The Saatchi Synagogue, which opens tonight in north-west London, is aimed at young and disaffected Jews who are turned off by tradition. The organisers insist its services - unlike those at conventional synagogues - will not be boring. The services will be shorter, less formal and simpler, and rounded off with a four-course kosher dinner.

But many people have been upset by an irreverent advertising campaign used to launch the synagogue. One full-page advert in a community newspaper states: "At our new synagogue, this is the only thing that gets rammed down your throat." The advert is completed by a picture of a traditional kosher fishball.

Those behind the Saatchi Synagogue, in Maida Vale, insist that the advertising is simply designed to catch the eye of younger people.

Rabbi Pini Dunner, 28 - a former presenter of Spectrum Radio's Jewish programme - will run the synagogue. "It's all a question of marketing techniques," he said. "It sounds crude but I want people to come.

"What I would say to those people who have said we are offering something that is style over substance is, 'Let them come and experience it for themselves'.

"Are they managing to attract thousands of young people who have been galvanised into action by our advertising campaign? Let them target the thousands who have not responded to our campaign."

Despite its modern approach, the synagogue, established with pounds 250,000 donated by the four Saatchi brothers to honour their parents, will technically be run in the Orthodox tradition. But its tactics have been branded as distasteful by figures from both the Orthodox and liberal wings of the Jewish community.

Rabbi Michael Harris, from the nearby Orthodox Hampstead Synagogue, condemned the synagogue's campaign in a letter to the Jewish Chronicle. "It is offensive because, while there is nothing wrong with promoting one's own synagogue, to do so by denigrating others is reprehensible. A genuine invitation to participate in an Orthodox community also means conveying the reality that the benefits result from a cluster of virtues unpopular in the late 1990s: persistence, patience, self-sacrifice, discipline and commitment."

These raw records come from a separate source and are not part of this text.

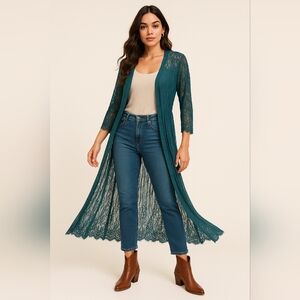 Rebel Wilson X Angels Elegant Teal Green Long Dress Duster Lace Sheer Maxi 1X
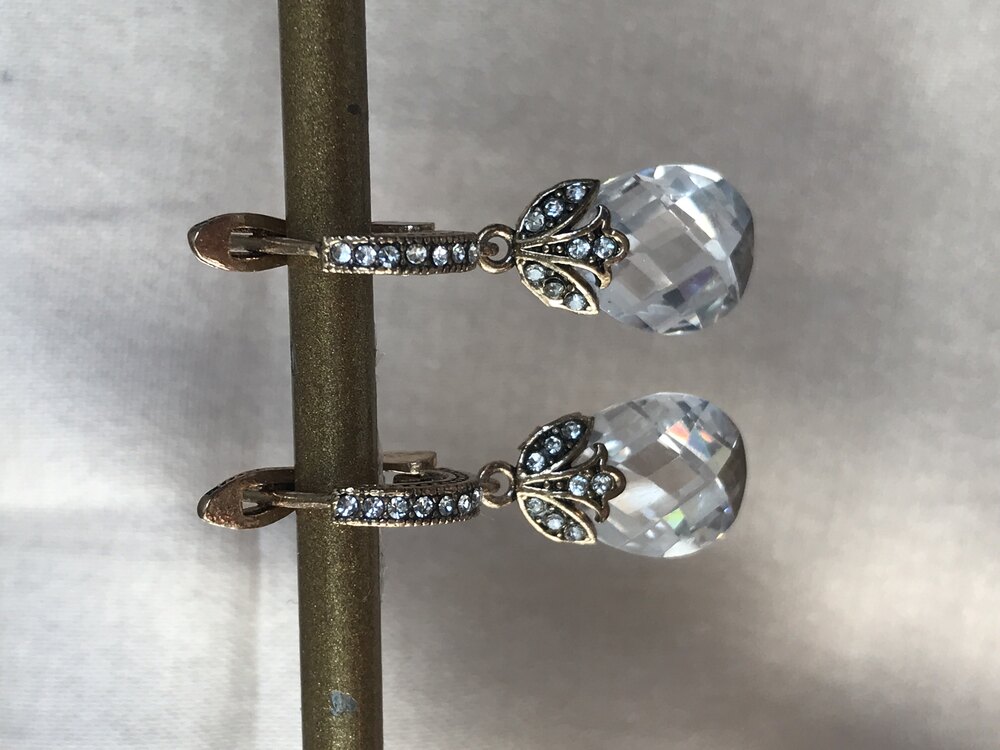Drop Swarovski Elmas Montür Küpe 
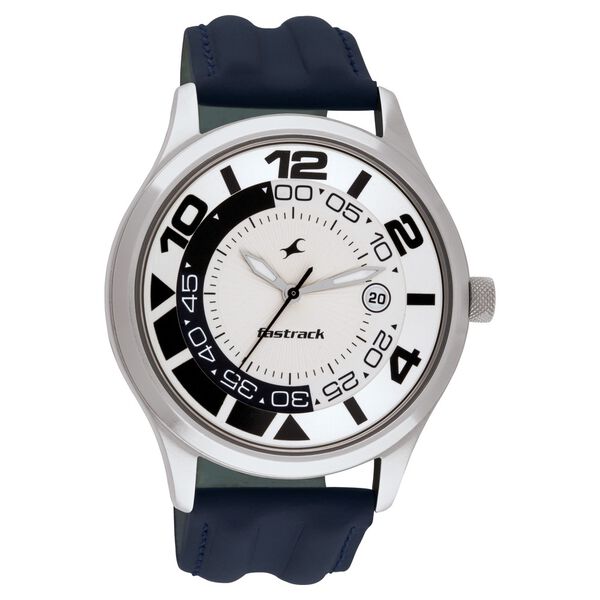 Fastrack Quartz Analog with Date Silver Dial Leather Strap Watch for Guys - image number 0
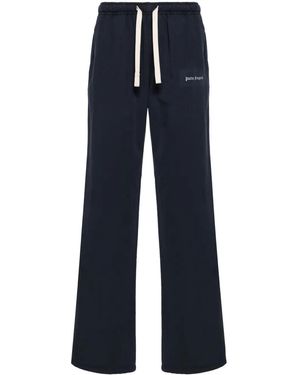 Palm Angels Pantalones rectos de talle medio - Azul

Joe Lobenstein, Mayor of Hackney and a leading lay member of the Orthodox community in London, said: "They are saying they are going to have fun during the services. If one wants fun one should go to the zoo."

Rabbi Jonathan Romain, of Maidenhead Reform Synagogue, said: "I have no problem with a new synagogue, especially if it deals with the current disillusionment. But the Saatchis are promoting a kind of gastronomic Judaism. They are aiming at their stomachs when they should be appealing to their hearts and minds." He also had misgivings about the unusual decision to give the synagogue a family name.

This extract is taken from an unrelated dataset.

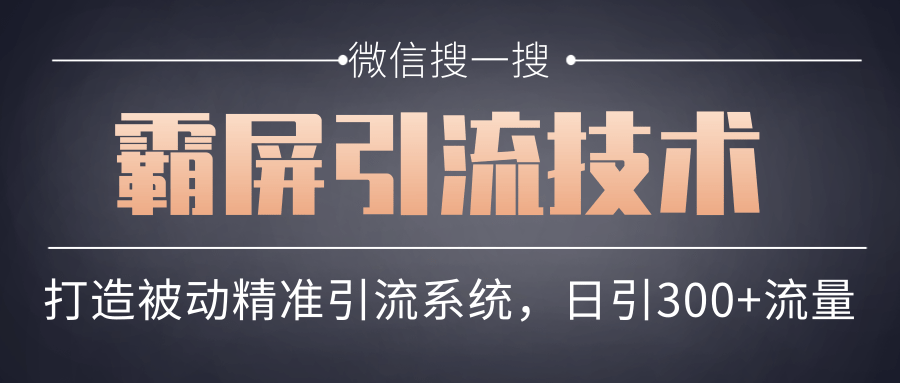 微信搜一搜霸屏引流技术，打造被动精准引流系统，轻松日引300+流量-资源云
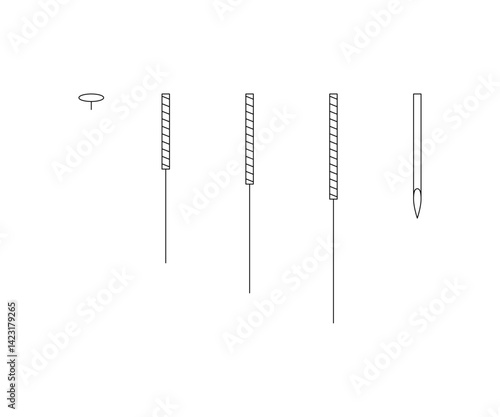 Acupuncture needles, alternative medicine, line icon. Body therapy and spa, wellness and acupressure. Vector illustration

But not everyone disapproves. Rabbi Shmuel Boteach, head of the London L'Chaim Society and author of the controversial Kosher Sex, said: "I do not see why a glitzy advertising campaign in any way compromises substance. Why should we continue to build synagogues for people over 70? All the churches are empty, all the synagogues are empty."

Adam Dawson, chairman of the Union of Jewish Students, said he thought the synagogue was a positive development. "We would support anything that helped bring young Jewish people together," he said. "We are seen as a cross-community body and we spend a lot of time trying to bring people together."

While the new synagogue is aimed at the under-45s, Rabbi Dunner said he would not turn away older people. Mr Saatchi senior is 90, Rabbi Dunner pointed out. "He's welcome to come, of course. I don't have to invite him. It's his synagogue."